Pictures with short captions
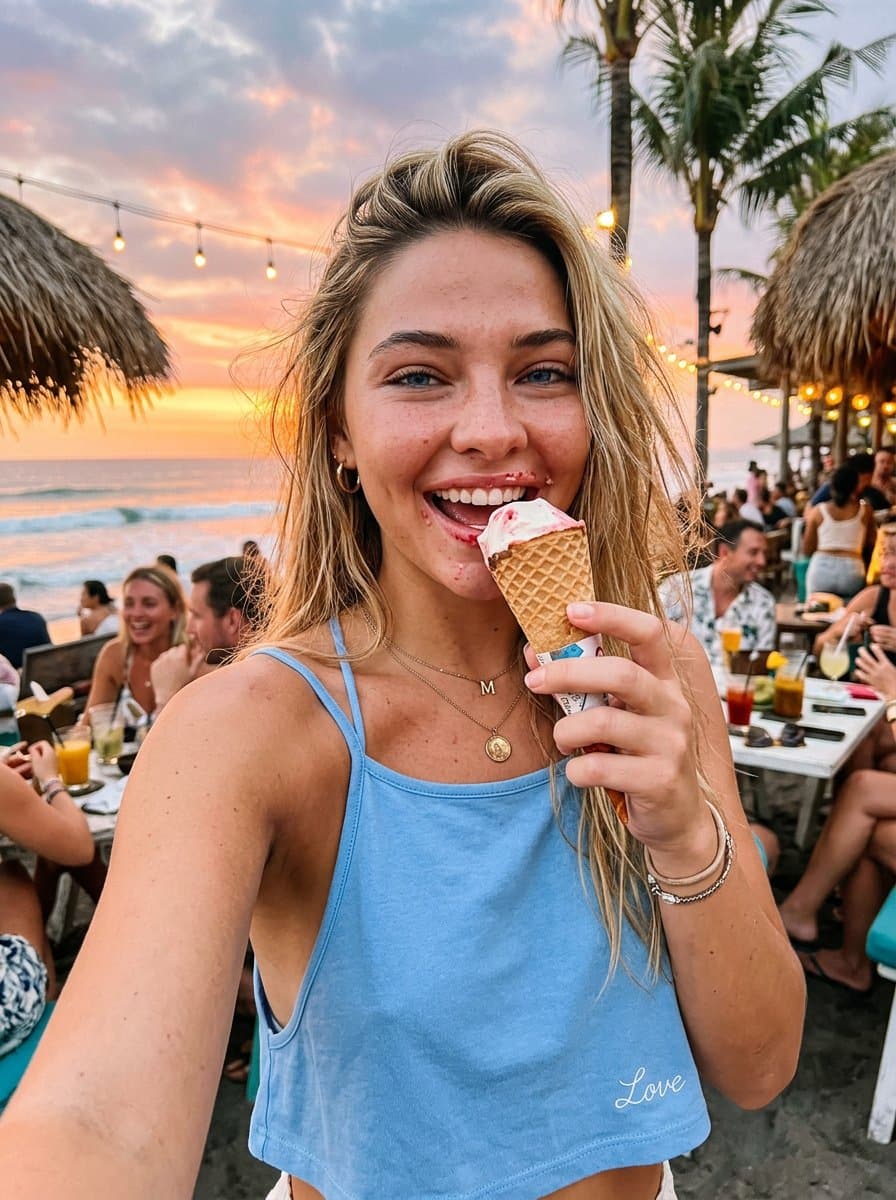 Candid Smartphone Vacation Selfie ā example 1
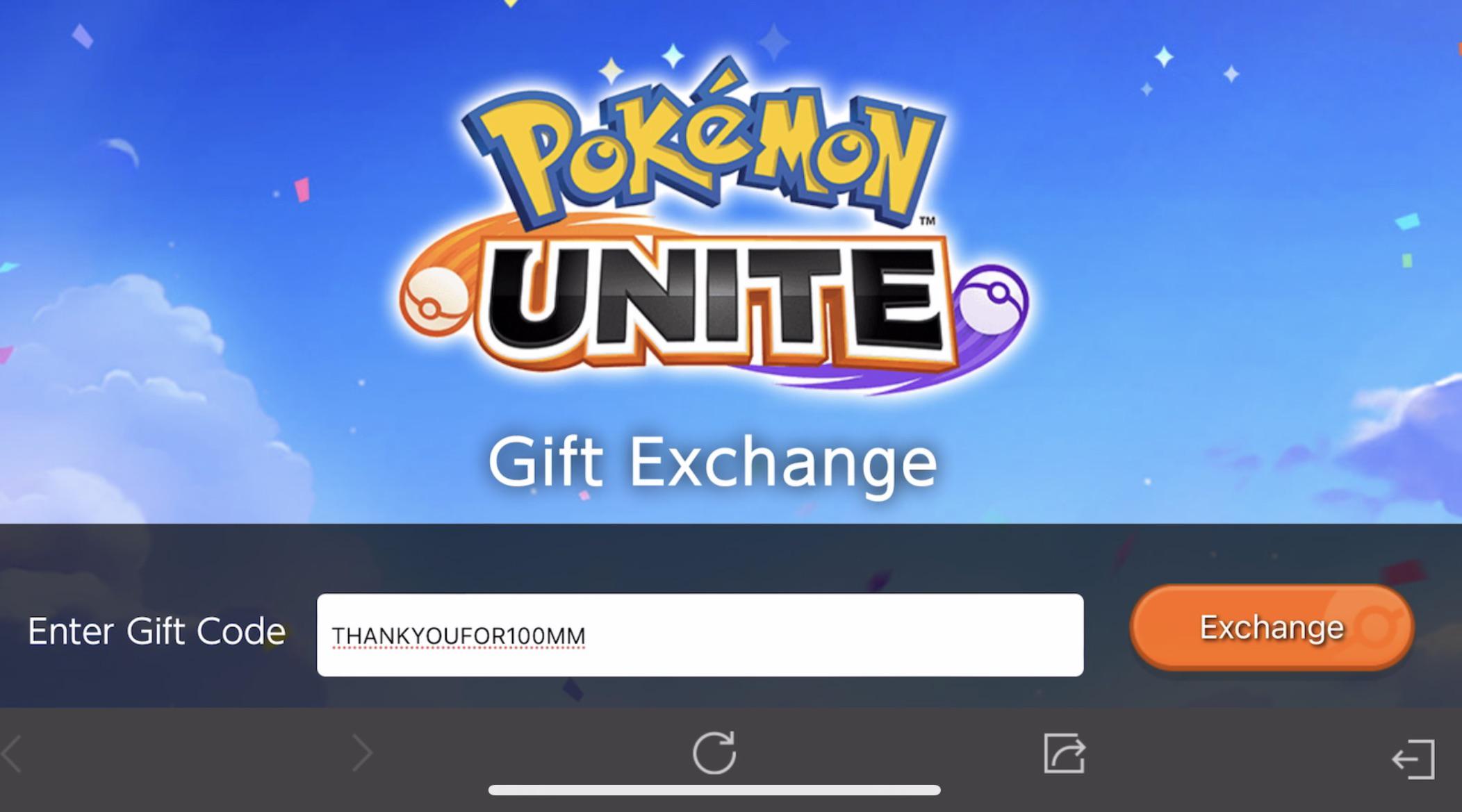 pokemon unite gift code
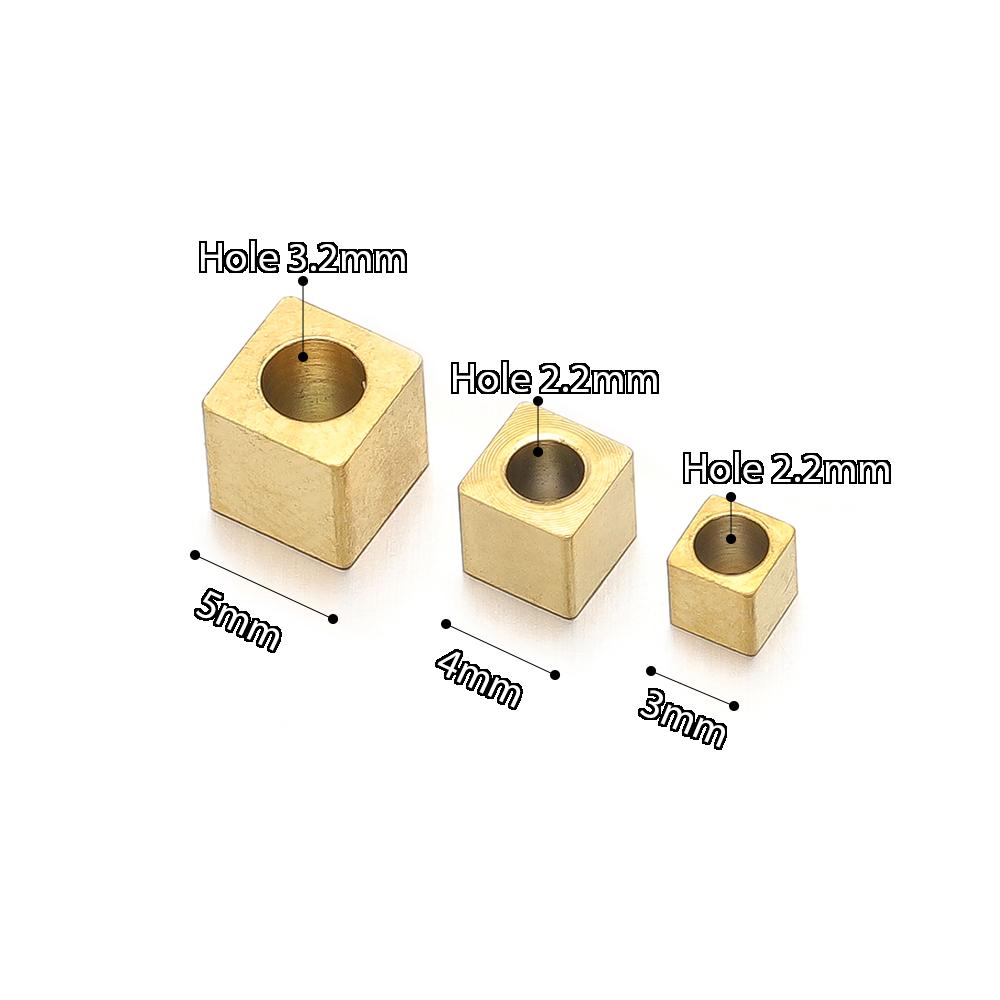 20-50Pcs Stainless Steel 3mm 4mm 5mm Cube Spacer Beads Square Loose Beads for DIY Jewelry Making Necklace Bracelet Supplies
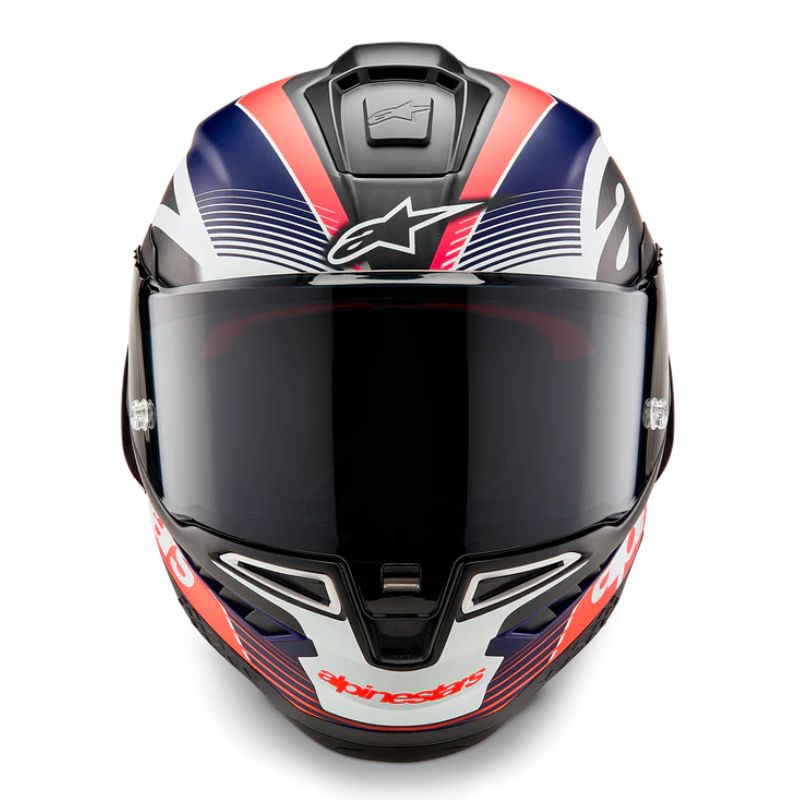 Casco Alpinestars Supertech R10 Team  carbon - rojo flúor - azul mate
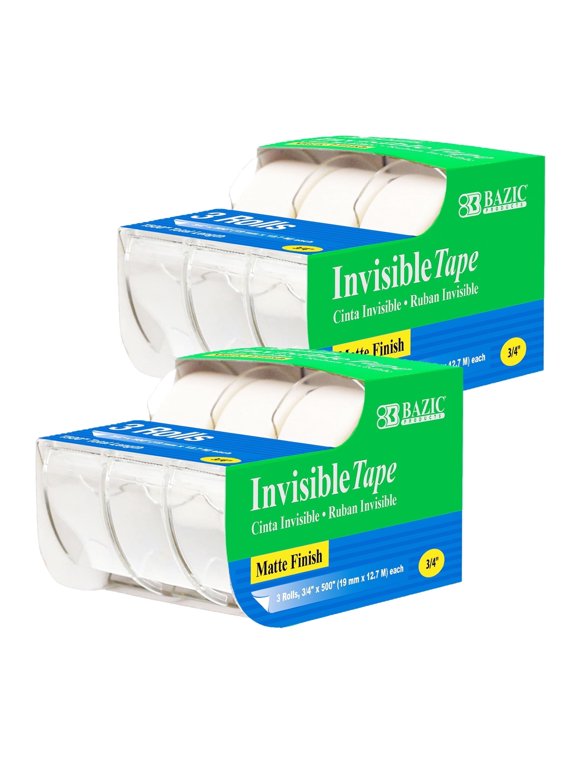 BAZIC Invisible Tape w/ Dispenser 3/4" X 500", Matte Finish, (3/Pack), 2-Packs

## WHAT YOU NEED TO DO
Exactly as written, set down each line of the records, leaving out the pictures.

## SOLUTION TO THIS TASK
 Candid Smartphone Vacation Selfie ā example 1
 pokemon unite gift code
 20-50Pcs Stainless Steel 3mm 4mm 5mm Cube Spacer Beads Square Loose Beads for DIY Jewelry Making Necklace Bracelet Supplies
 Casco Alpinestars Supertech R10 Team  carbon - rojo flúor - azul mate
 BAZIC Invisible Tape w/ Dispenser 3/4" X 500", Matte Finish, (3/Pack), 2-Packs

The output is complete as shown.